Invertebrate Identification

Invertebrates collected from pan traps and drift were sorted using a dissecting stereomicroscope (Motic Instruments K Series, Motic Inc., Richmond, BC, Canada) into the following groups: winged terrestrial insects, ants, non-winged terrestrials (i.e., larvae, spiders) and aquatic invertebrates. We chose these categories because of hypothesized differences between invertebrates with and without wings, and also because of the hypothesized importance of ants to Rivulus diets (Fraser et al., 1999). Terrestrial invertebrates were identified to order (Borror et al., 2005) and benthic invertebrates were identified to family (McCafferty, 1998; Merritt et al., 2008). Once sorted, invertebrates were dried at 58°C and weighed by category to the nearest 0.001 mg, and masses were converted to mg m–2 day–1 and mg m–3 for benthic and drift samples, respectively.

Fish Diet Survey and Analysis

Rivulus were sampled from the Miguel and Tapana streams during both seasons on the final evening of falling terrestrial input collection (2 days after final drift collection) to estimate seasonal variation in prey consumption. Rivulus is the sole fish and dominant consumer of invertebrates in each stream. The common name of this fish in Trinidad is the “jumping guabine” because it often leaves the water and “jumps” over land in order to colonize isolated aquatic habitats, and individuals can leap up to 14 cm above the water surface to reach or dislodge terrestrial prey from overhanging vegetation (Seghers, 1978; Fraser et al., 1999). Rivulus are known to feed on invertebrates and Poecilia (Gilliam et al., 1993), though Poecilia were not observed in the two streams under study nor were they found in any Rivulus gut analyses.

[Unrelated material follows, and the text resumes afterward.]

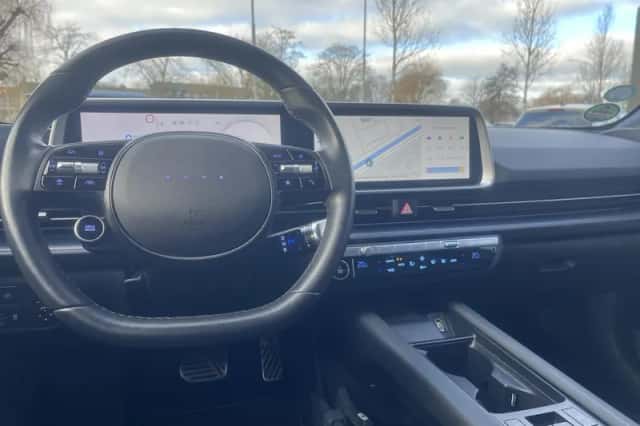 Hyundai Ioniq 6 (2024) thumbnail 21
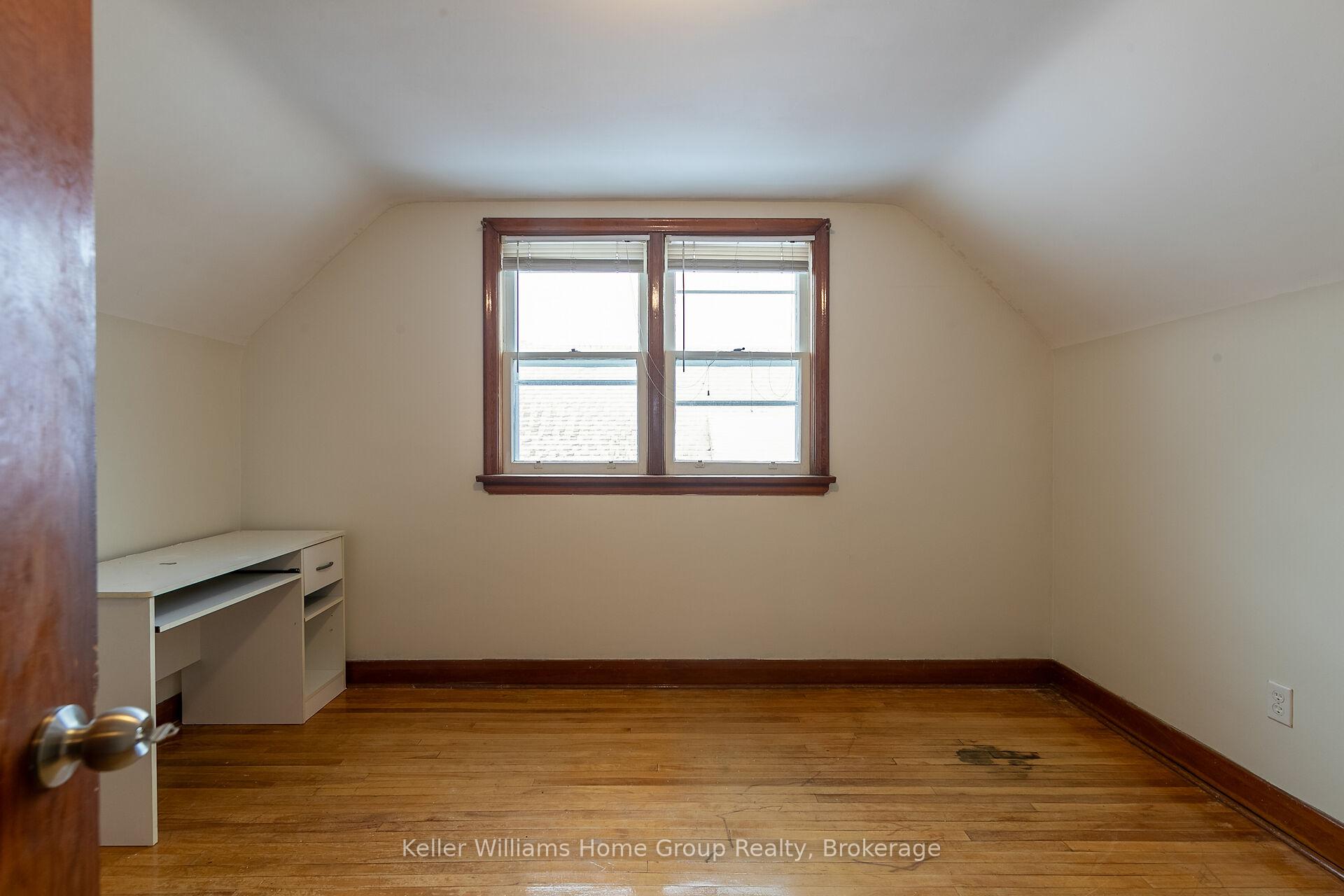 Photo 10 of 32 Dietz Avenue S, Waterloo — HOMEH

Rivulus are nocturnal feeders, and were caught after dark (21:00–23:00) by dip netting. During each season, 30 fish were sampled from each site, with 10 individuals collected from the bottom, middle, and upper 50 m sections of each stream reach, respectively. Only fish >40 mm in length were collected, thus our results do not reflect the diets of young fish. Collected fish were euthanized immediately by placing them on ice to stop digestion, then preserved in 10% formalin solution.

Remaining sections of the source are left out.